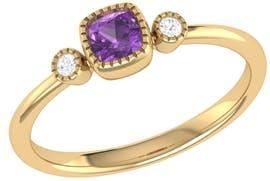 LuvMyJewelry Cushion Cut Amethyst & Diamond Birthstone Ring in 14K Gold in Yellow Gold at Nordstrom, Size 7.5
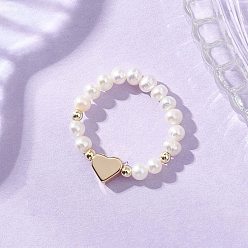 Сердце Регулируемые кольца на палец из натурального культивированного пресноводного жемчуга для женщин, стрейч-кольца, сердце, 19 мм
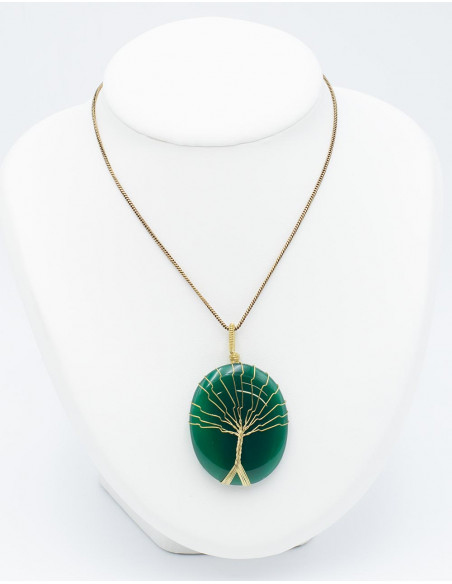 Large Stone with Tree Pendant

* What to produce: The whole listing should be reproduced exactly. Images don't go in.

* Exercise solution:
 LuvMyJewelry Cushion Cut Amethyst & Diamond Birthstone Ring in 14K Gold in Yellow Gold at Nordstrom, Size 7.5
 Сердце Регулируемые кольца на палец из натурального культивированного пресноводного жемчуга для женщин, стрейч-кольца, сердце, 19 мм
 Large Stone with Tree Pendant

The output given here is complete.